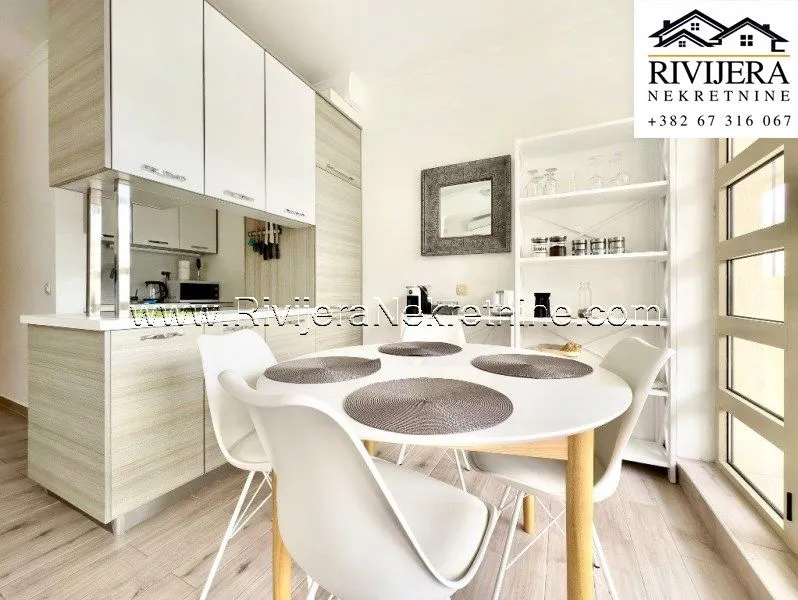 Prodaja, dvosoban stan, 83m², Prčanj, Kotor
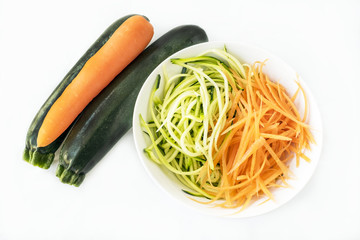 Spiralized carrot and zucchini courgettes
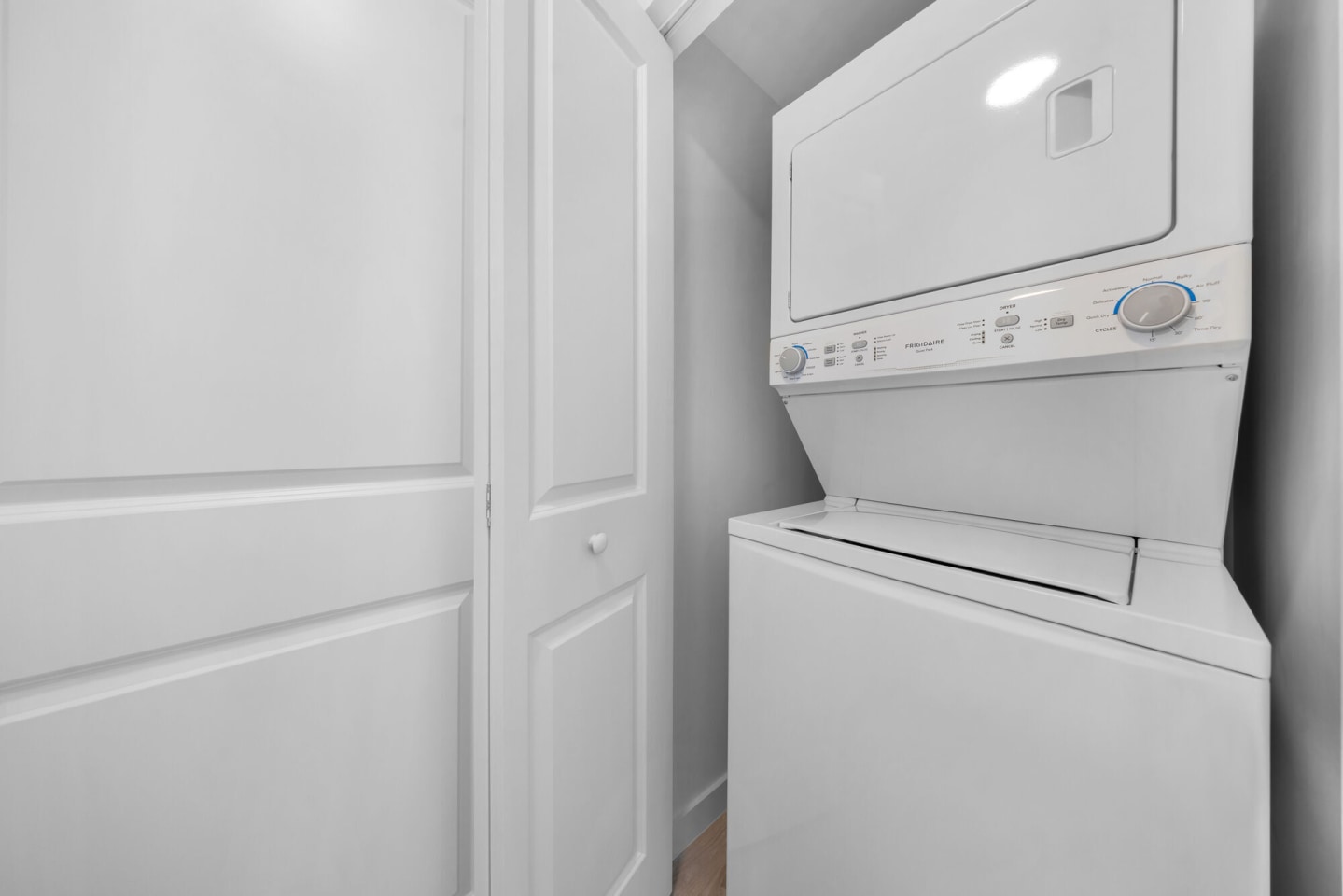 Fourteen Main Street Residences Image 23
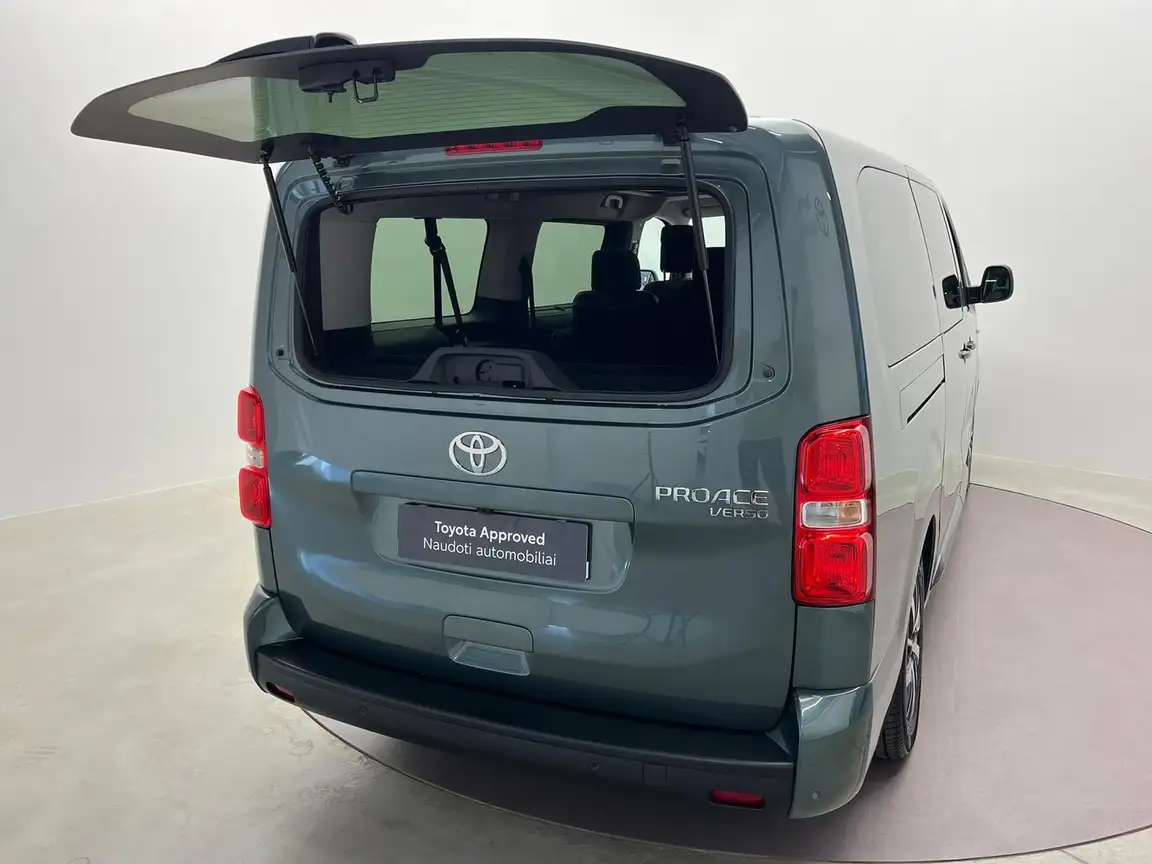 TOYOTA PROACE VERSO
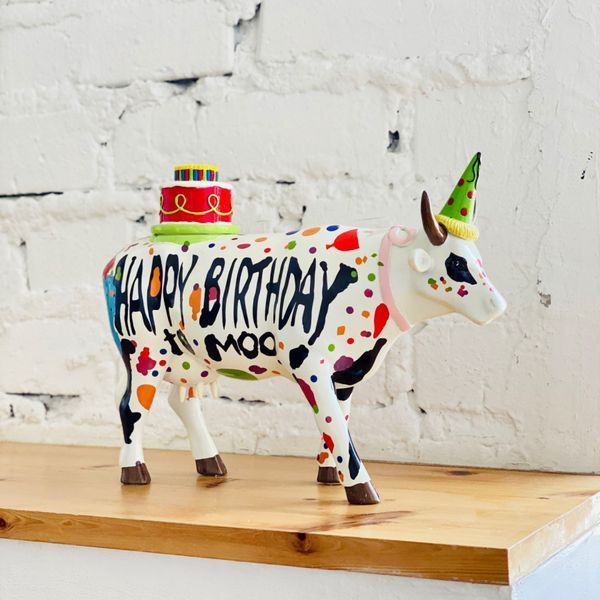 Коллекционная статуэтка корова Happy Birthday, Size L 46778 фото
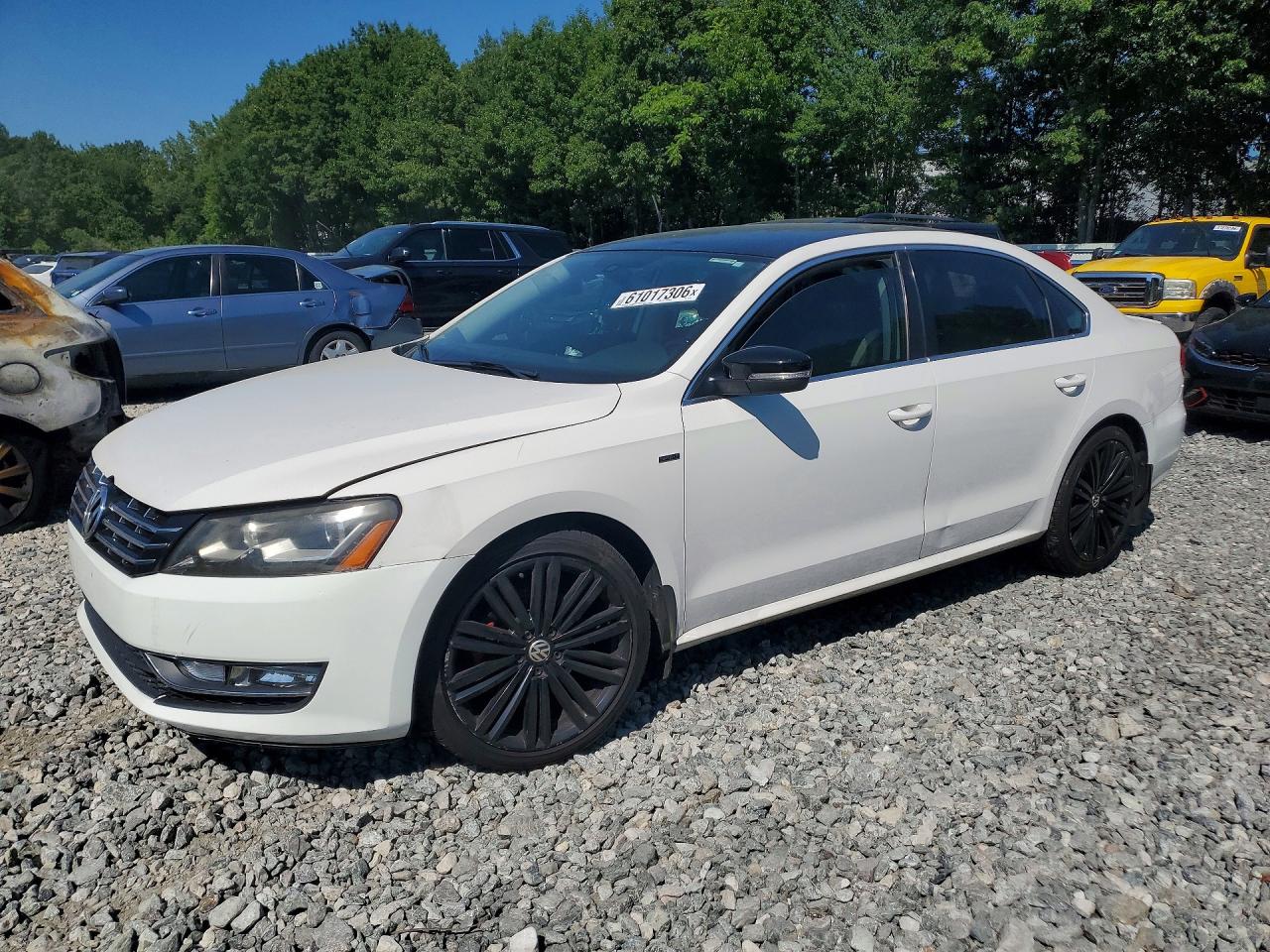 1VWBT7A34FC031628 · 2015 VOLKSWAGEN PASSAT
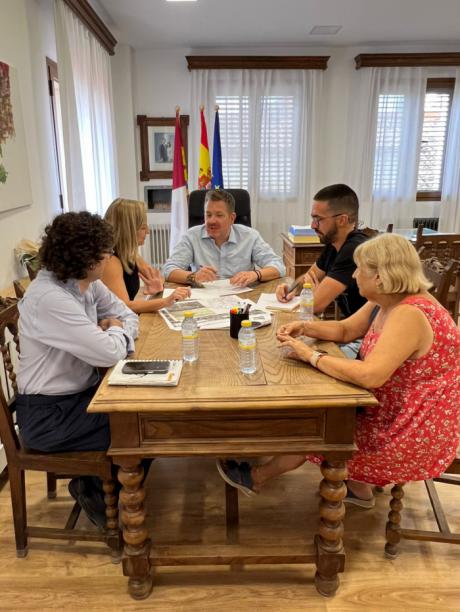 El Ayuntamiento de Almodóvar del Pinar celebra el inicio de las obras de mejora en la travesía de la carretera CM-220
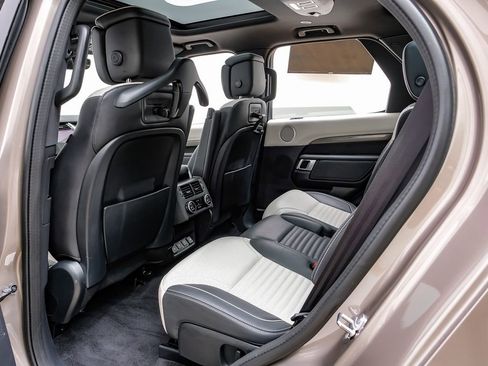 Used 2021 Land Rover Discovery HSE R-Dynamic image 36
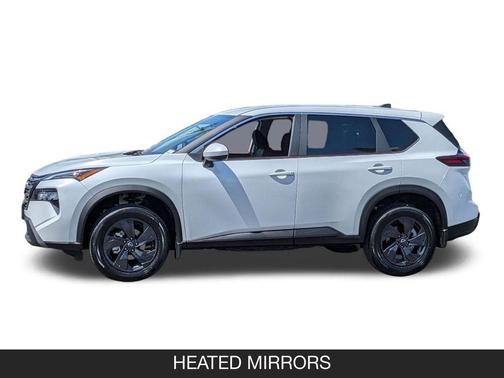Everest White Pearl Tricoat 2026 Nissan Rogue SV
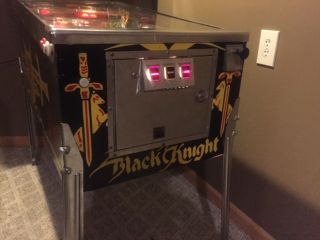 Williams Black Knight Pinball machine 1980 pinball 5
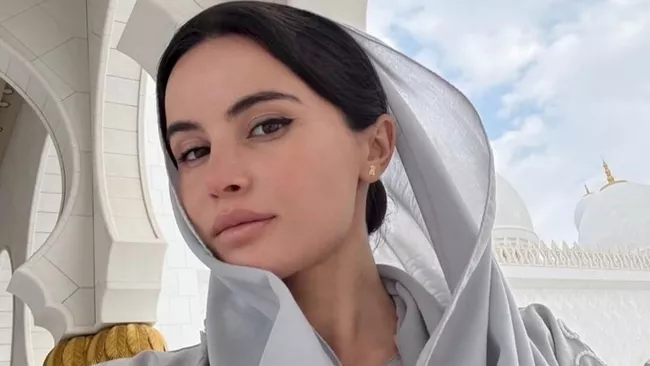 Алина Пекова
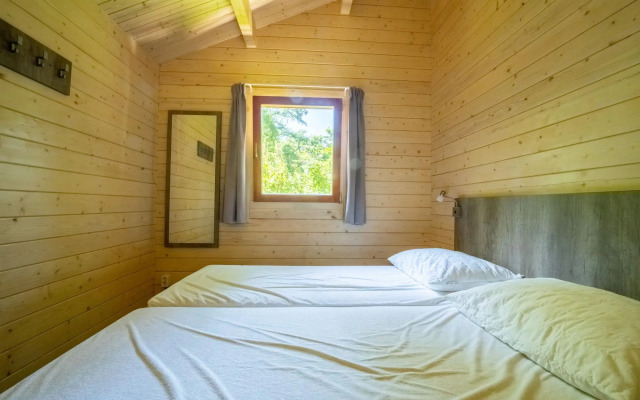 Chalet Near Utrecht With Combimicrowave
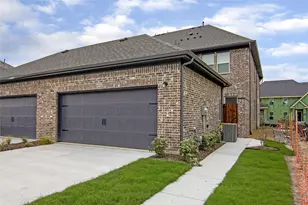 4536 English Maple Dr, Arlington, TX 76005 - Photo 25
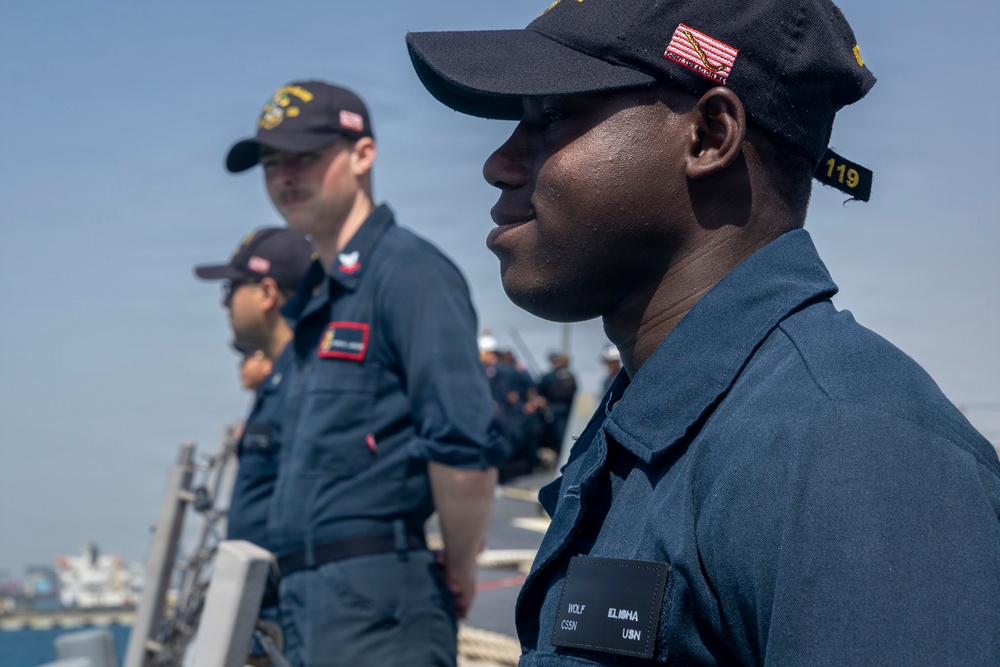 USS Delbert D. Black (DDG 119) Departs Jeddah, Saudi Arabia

____

§ Task requirements
Any pictures above are to be left out. Retype the rest of the records exactly.

§ Written reply
 Prodaja, dvosoban stan, 83m², Prčanj, Kotor
 Spiralized carrot and zucchini courgettes
 Fourteen Main Street Residences Image 23
 TOYOTA PROACE VERSO
 Коллекционная статуэтка корова Happy Birthday, Size L 46778 фото
 1VWBT7A34FC031628 · 2015 VOLKSWAGEN PASSAT
 El Ayuntamiento de Almodóvar del Pinar celebra el inicio de las obras de mejora en la travesía de la carretera CM-220
 Used 2021 Land Rover Discovery HSE R-Dynamic image 36
Everest White Pearl Tricoat 2026 Nissan Rogue SV
 Williams Black Knight Pinball machine 1980 pinball 5
 Алина Пекова
 Chalet Near Utrecht With Combimicrowave
 4536 English Maple Dr, Arlington, TX 76005 - Photo 25
 USS Delbert D. Black (DDG 119) Departs Jeddah, Saudi Arabia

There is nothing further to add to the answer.